Je me lave les mains et le visage. Je ne mange pas, je ne bois pas.
J'enfile un survet, et mes baskets, et je pars courir.
Les jambes sont comme 2 enclumes, les pieds douloureux, les épaules en compote, et le dos en vrac. J'ai du mal à garder les yeux ouverts.
Mais je sais où je vais, et je dois y aller.
J'ai soif de lumière, et la lumière est assoiffée.

Avant de partir, dans la cuisine, j'ai vu la lumière filtrer à travers les volets roulants baissés. (mon fils part à 7h50).

DSCN1009

Et sur la table, cela dessinait ceci:

DSCN1005

Et ces lacs de lumière, si ronds, sur ma table... Je les ai regardé avec amour.
Pendant que je roulais vers la maison je savais où je devais aller.
A 15min de course de chez moi (en mode gros tas, c'est à dire au ralenti) il y a 2 étangs minuscules.

Je cours, je me traine, çà descend, tout à l'heure je vais galérer pour rentrer.
Je contourne le premier étang, évite de me prendre les pieds dans les ronces, et file vers le deuxième.

Arrivé là, le soleil a décidé de me priver d'eau dorée.
Quand il traverse les arbres l'étang devient or, et la lumière y est extraordinaire.
Il a suffit que j'ouvre la porte et que je sorte de la maison pour que les nuages s'entassent.
Mais je sais que je devais venir ici. Un appel.

Je m'accroupis près d'un vieux chêne, dans les broussailles.

DSCN1010

Les couleurs sont ternes, rien n'éclaire l'étang.
Pourtant, je ne me dis pas "pourquoi es tu venue ici". J'attends.

Soudain, de la gauche traverse un éclair de lumière métallique. Je ne bougerai pas l'appareil photo.
Un flèche bleue vif, et rouge brique. (un martin pécheur) Une seconde de lumière, qui se pose sur une branche, puis repart.
La lumière me donne à boire, et elle me boit tandis que je la bois.

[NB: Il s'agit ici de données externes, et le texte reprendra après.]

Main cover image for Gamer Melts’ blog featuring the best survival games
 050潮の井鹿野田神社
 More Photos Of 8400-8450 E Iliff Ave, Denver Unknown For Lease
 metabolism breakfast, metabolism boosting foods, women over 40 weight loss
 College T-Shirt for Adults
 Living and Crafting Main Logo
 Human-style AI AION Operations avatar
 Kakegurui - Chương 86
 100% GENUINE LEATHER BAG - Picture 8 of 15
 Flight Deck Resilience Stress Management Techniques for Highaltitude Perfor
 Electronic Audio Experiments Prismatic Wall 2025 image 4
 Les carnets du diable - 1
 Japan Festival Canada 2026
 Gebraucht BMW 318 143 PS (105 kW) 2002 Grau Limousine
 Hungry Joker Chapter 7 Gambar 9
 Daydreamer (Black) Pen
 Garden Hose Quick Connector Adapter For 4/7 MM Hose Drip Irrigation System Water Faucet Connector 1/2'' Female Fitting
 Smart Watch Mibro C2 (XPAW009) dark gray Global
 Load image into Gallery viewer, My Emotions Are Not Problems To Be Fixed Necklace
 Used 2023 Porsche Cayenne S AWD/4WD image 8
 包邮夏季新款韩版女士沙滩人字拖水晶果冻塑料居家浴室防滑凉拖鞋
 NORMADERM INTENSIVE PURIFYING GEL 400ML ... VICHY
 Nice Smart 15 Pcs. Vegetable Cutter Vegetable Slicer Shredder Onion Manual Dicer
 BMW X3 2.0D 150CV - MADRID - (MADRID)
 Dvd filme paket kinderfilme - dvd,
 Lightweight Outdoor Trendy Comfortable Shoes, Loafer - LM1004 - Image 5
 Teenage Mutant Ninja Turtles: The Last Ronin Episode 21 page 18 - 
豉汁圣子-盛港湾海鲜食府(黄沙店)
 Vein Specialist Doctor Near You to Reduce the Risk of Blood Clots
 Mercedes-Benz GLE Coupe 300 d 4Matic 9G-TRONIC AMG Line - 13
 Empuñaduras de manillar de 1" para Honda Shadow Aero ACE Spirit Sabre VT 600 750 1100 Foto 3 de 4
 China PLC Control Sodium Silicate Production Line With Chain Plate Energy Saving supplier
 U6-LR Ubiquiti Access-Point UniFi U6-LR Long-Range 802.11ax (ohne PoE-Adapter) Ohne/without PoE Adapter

En moi, l'étang d'amour déborde.
Je tombe à genoux...


Je n'ai pas dormi cet aprem, ni mangé à midi.
A 17h, ma fille a trouvé un colis dans la boite aux lettres.
Un colis qui s'était égaré, une inversion de 2 chiffres dans le code postal, qui l'a envoyé à l'autre bout de la France.
Parce qu'il le fallait, c'était logique...

Ce qu'il contient est énorme... Je ne vous en parlerai pas, car personne, mis à part celle qui lui a envoyé ne comprendrait.

Oui, énorme...

Cette journée était énorme... Toute en reliance, en vibrations, en lumière.
Merci.

De l'argile nous avons fait un pot, mais c'est le vide à  l'intérieur qui retient ce que nous voulons... (Lao Tseu)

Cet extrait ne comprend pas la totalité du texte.